From Tom’s Reading List

Science: Slow adaptation in the face of rapid warming leads to collapse of the Gulf of Maine cod fishery– “A failure to detect changes in the environment or to act appropriately when changes are detected can jeopardize social-ecological systems. As climate change brings conditions that are increasingly outside the envelope of past experiences, the risks increase. The Gulf of Maine has warmed steadily, and the record warm conditions in 2012 impacted the fishery for American lobster.” National Geographic: Warm Water May Spell the End of New England’s Iconic Cod — “Cod are cold-water fish. Warmer water makes it less likely that freshly spawned ones will survive, and it also reduces the populations of zooplankton that they eat. Venturing out into deeper water in search of food taxes their metabolism, and makes them more vulnerable to predators.
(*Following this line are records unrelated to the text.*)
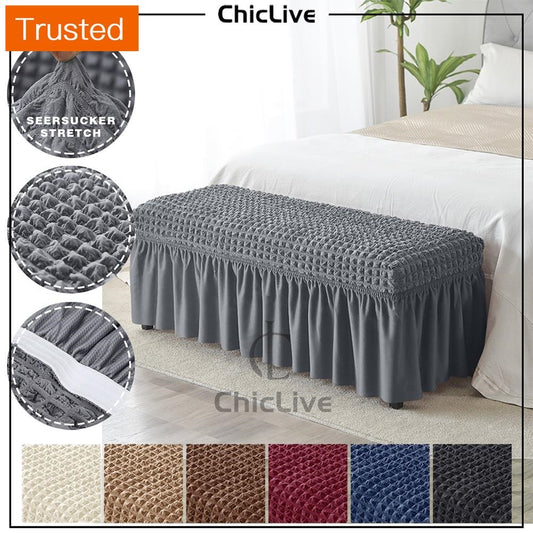 【14 Colors】3D Seersucker Bench Cover with Skirt Elastic Storage Stool Chair Cover Bench Cover Dust Cover Long Chair Cover Piano Bench Cover For Piano Bedroom Living Room Home Dector Ready Stock Chiclive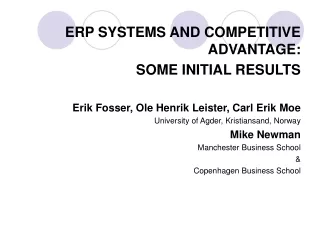 ERP SYSTEMS AND COMPETITIVE ADVANTAGE: SOME INITIAL RESULTS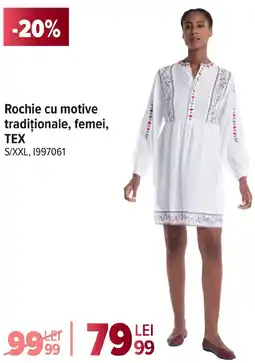 Carrefour Rochie cu motive tradiționale, femei, TEX Ofertă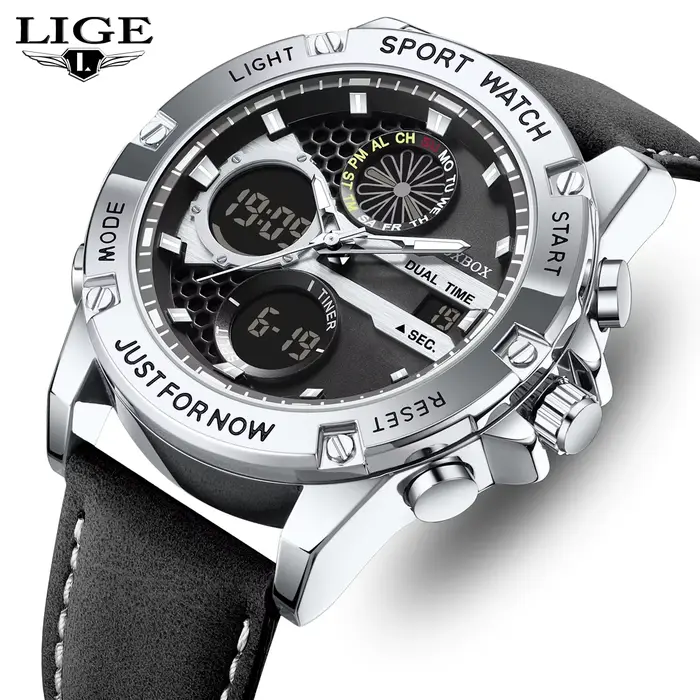 Montres militaires FOXBOX montres de sport chronographe double affichage analogique-digital robuste résistante à l'eau pour hommes aventuriers et collectionneurs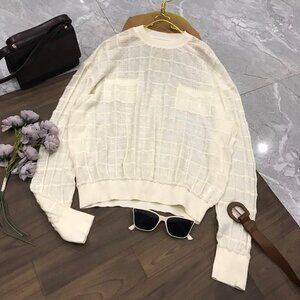 Cream White Textured Knit Sweater Cozy Soft Pullover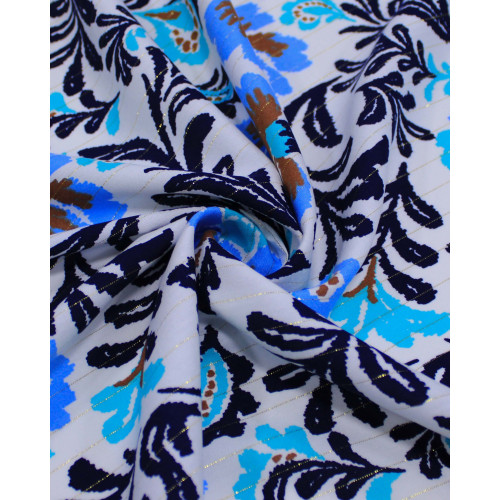 Tecido Viscose com Lurex Estampa Floral Marrom, Tons de Azul e Branco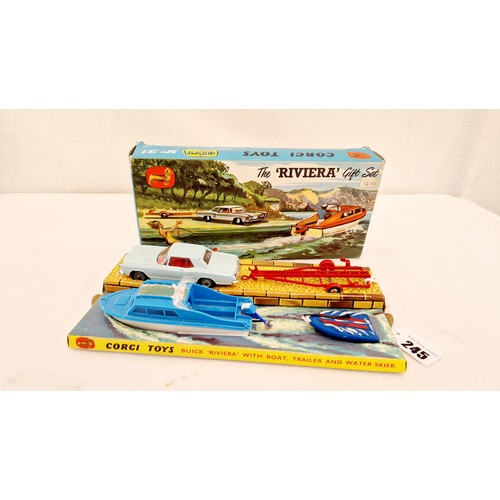 245 - Boxed vintage Corgi Toys gift set No. 31, The Riviera Set with Buick, boat, trailer and water skier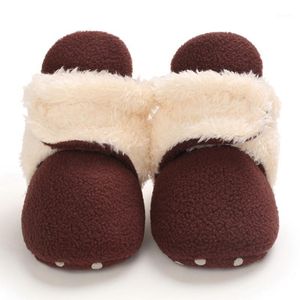 Pierwsi Walkers Zima 0-18m Born Baby Shoes Infant Soft Footwear Walking Toddler Zachowaj ciepłe druk dla niemowląt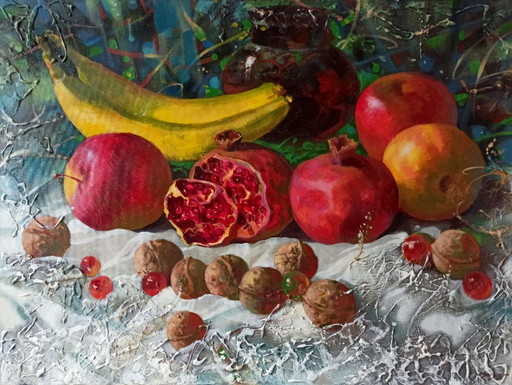 Original Oil Painting Abstract Fruits Banana Pomegranate Still Life – schilderijen tekeningen, Canvas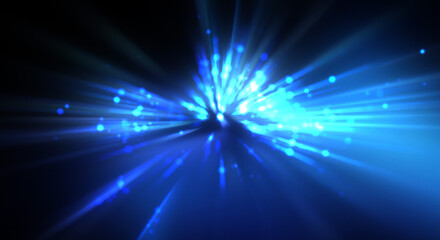 Dynamic moving burst of light. Beautiful shinning background of colorful lights. Vibrant energy display of a star with glowing light rays and particles.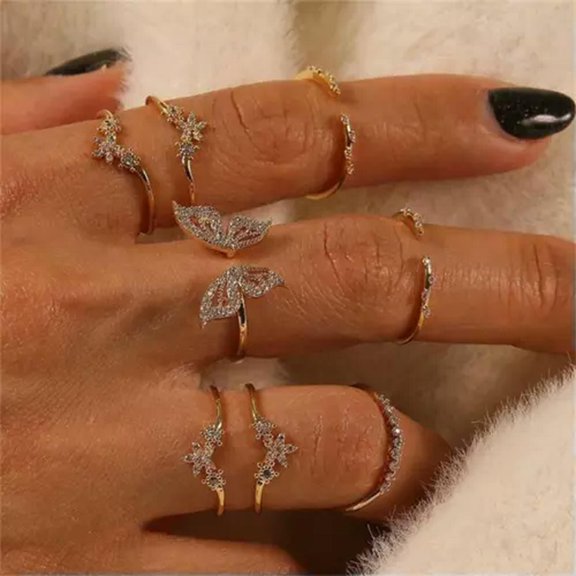 EOEMY 10Pcs/Set Butterfliy Flower Crystal Knuckle Midi Finger Rings Women Jewelry Set-8Pcs/Set Butterfly Flower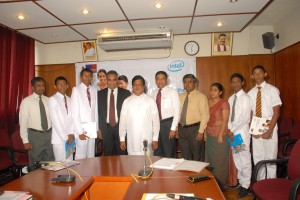 Picture shows from left: H. N. Gunasekera, Institution of Engineers Sri Lanka (IESL); Rakhitha Malewana and Subhash Gamage from Nalanda College, Colombo; Indika de Zoysa, Country Business Manager, Intel EM Limited, Sri Lanka Liaison office; Minister of Education, Bandula Gunawardena; Anura Dissanayake, Additional Secretary to the President; J. Meegoda – IESL; Nadeera Jayaweera, National Science Foundation; Dinesh Kapuge from Mihintala Maha Vidyalaya, Mihintala and Pasindu Wijesena from Ananda College, Colombo.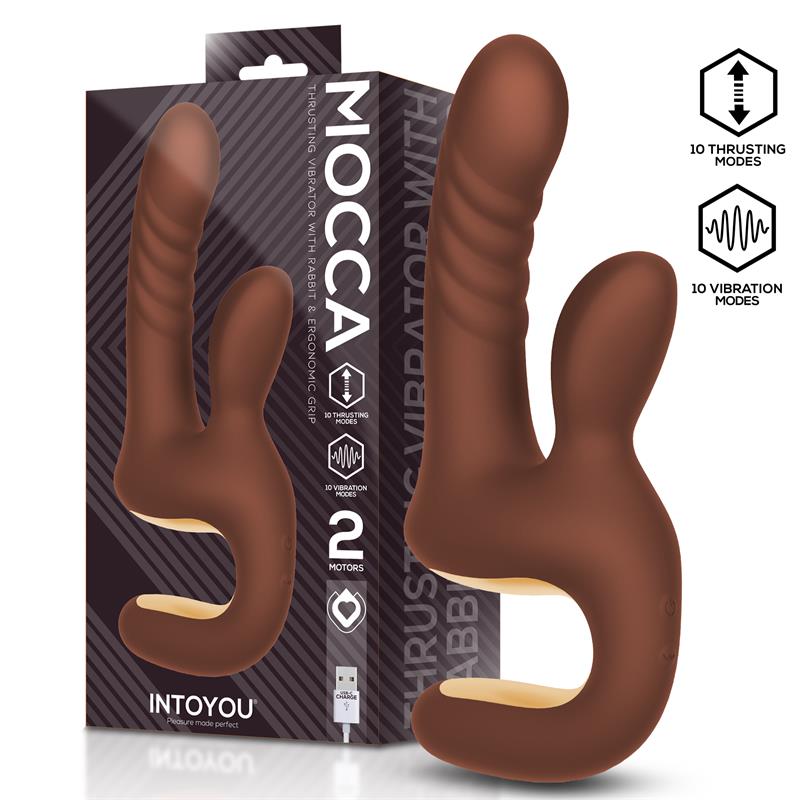 Mocca Thrusting Vibrator w/Rabbit & Grip Cl,27 — zdjęcie 2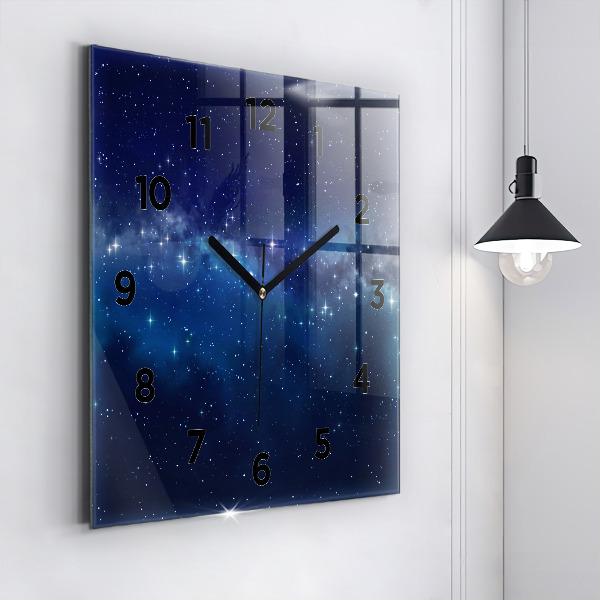 Square wall clock Dark sky stars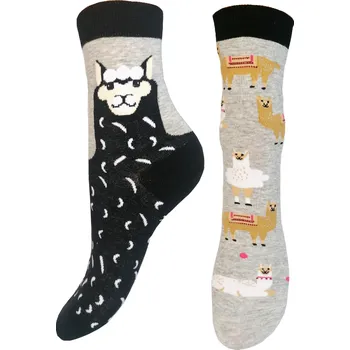 Dámské ponožky Dámské ponožky Aura.Via - NZP9080, šedá/ lama Barva: Šedá, Velikost: 35-38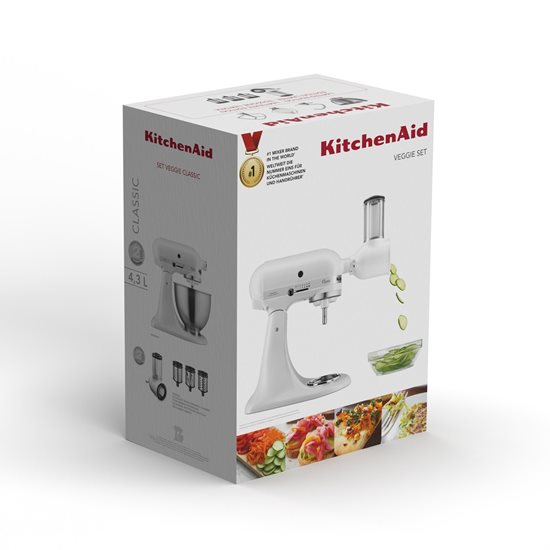 Állványkeverő tállal, 4,3L, szeletelő tartozékkal, Classic, Matte White - KitchenAid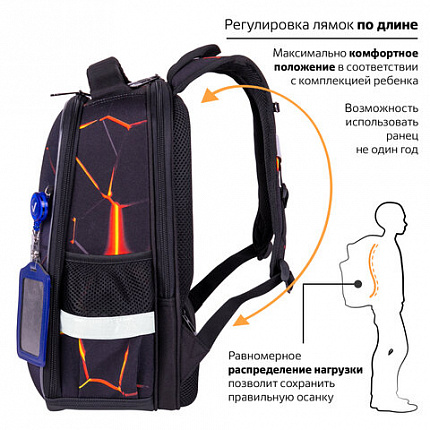 Ранец BRAUBERG FIT, 2 отделения, "Keep out", 38х27х14 см, 270617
The larger fish that prey on cod move through with the seasons, the researchers said—and because of the water’s warmth, may be arriving earlier in the year and leaving later, extending the time in which they linger to eat cod by more than a month.” Boston Globe: Climate change hurting N.E. cod population, study says — “The rapid warming of the waters off New England has contributed to the historic collapse of the region’s cod population and has hampered its ability to rebound, according to a study that for the first time links climate change to the iconic species’ plummeting numbers. Between 2004 and 2013, the mean surface temperature of the Gulf of Maine — extending from Cape Cod to Cape Sable in Nova Scotia — rose a remarkable 4 degrees, which the researchers attributed to shifts in the ocean currents caused by global warming.”